I am very sure Brad Delson from LP can outshred Michael Angelo Batio.


Please...just because we've heard some rumors about some famous guitarists it doesn't mean anything.


----------



## HeHasTheJazzHands (Oct 21, 2012)

m3l-mrq3z said:


> I am very sure Brad Delson from LP can outshred Michael Angelo Batio.



Dood, Brad can shred better than Yngwie! 

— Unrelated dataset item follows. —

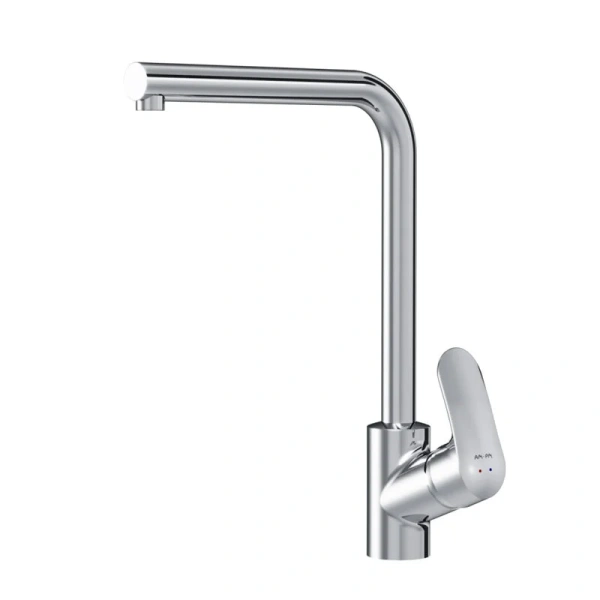 Смеситель для кухни AM.PM Like F80050 с l-образным изливом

Linkin Park - Faint 2008 (New Extended Outro w/ Brad&#39;s Solo) - YouTube

....Or not.


----------



## wankerness (Oct 21, 2012)

m3l-mrq3z said:


> I am very sure Brad Delson from LP can outshred Michael Angelo Batio.
> 
> 
> Please...just because we've heard some rumors about some famous guitarists it doesn't mean anything.


----------



## m3l-mrq3z (Oct 21, 2012)

wankerness said:


>




That solo is proof enough that the guy is a bad guitarist. I even enjoyed Brad Delson's solo more than Billy's. Great songwriter, terrible lead player.


----------



## HeHasTheJazzHands (Oct 21, 2012)

I thought Corgan's solo in Tarantula sounded pretty cool, to be honest.

But there, yeah, he sounded like a teenager trying to be a show-offy shredder... When he probably was at the time.


----------



## drmosh (Oct 21, 2012)

m3l-mrq3z said:


> That solo is proof enough that the guy is a bad guitarist. I even enjoyed Brad Delson's solo more than Billy's. Great songwriter, terrible lead player.

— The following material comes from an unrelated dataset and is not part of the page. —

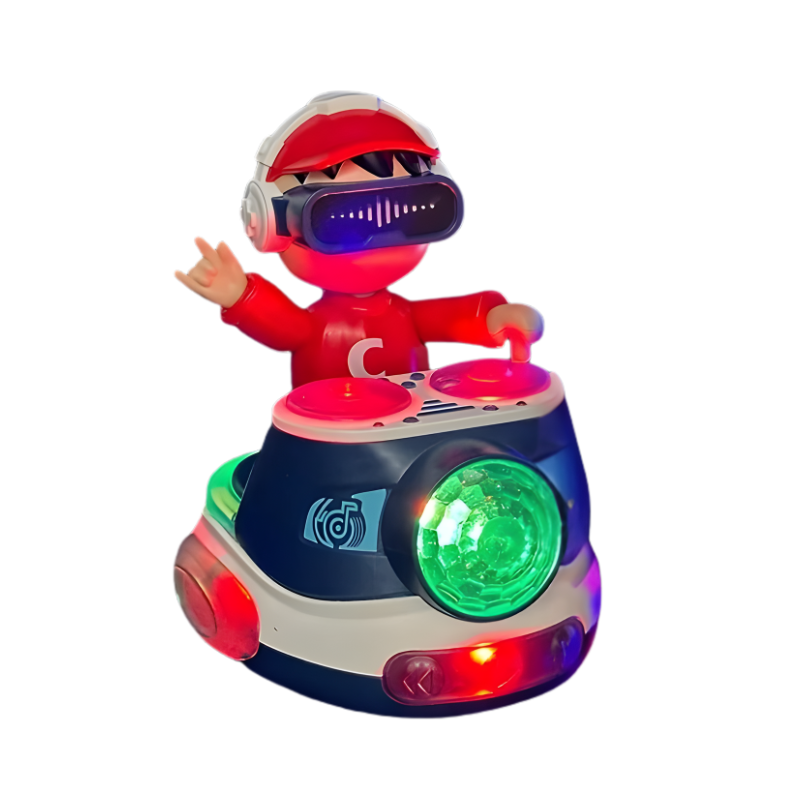Portable Disco DJ Controller - Halri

that video isn't proof of jack shit. It's an overindulged wank solo that has no bearing on how good of a guitar player he is, especially given his track record.


----------



## m3l-mrq3z (Oct 21, 2012)

drmosh said:


> that video isn't proof of jack shit. It's an overindulged wank solo that has no bearing on how good of a guitar player he is, especially given his track record.



Dude, I have seen videos of the young John Petrucci, but also Steve Vai and Satriani wanking. They sounded much better. Their technique was also more polished and their playing was more imaginative. Do you know what I mean?


----------



## wankerness (Oct 21, 2012)

m3l-mrq3z said:


> That solo is proof enough that the guy is a bad guitarist. I even enjoyed Brad Delson's solo more than Billy's. Great songwriter, terrible lead player.



I didn't say it was good, I was responding to your previous post, which was like "just because 'you heard it' doesn't mean he ever played really fast." I see that now you have changed that to "just because he played really fast doesn't mean he was good at it!" It sounds like he worshipped at the altar of 80s metal, and yeah that solo is just some dumb teenage kid showing off, it sure doesn't sound good, it's just very different from anything he ever did in his well-known stuff.


----------



## Loomer (Oct 21, 2012)

HeHasTheJazzHands said:


> Dood, Brad can shred better than Yngwie!
> 
> Linkin Park - Faint 2008 (New Extended Outro w/ Brad's Solo) - YouTube
> 
> ....Or not.



Wow. Is that really them!? That's just flat-out embarassing.


----------



## wankerness (Oct 21, 2012)

Loomer said:


> Wow. Is that really them!? That's just flat-out embarassing.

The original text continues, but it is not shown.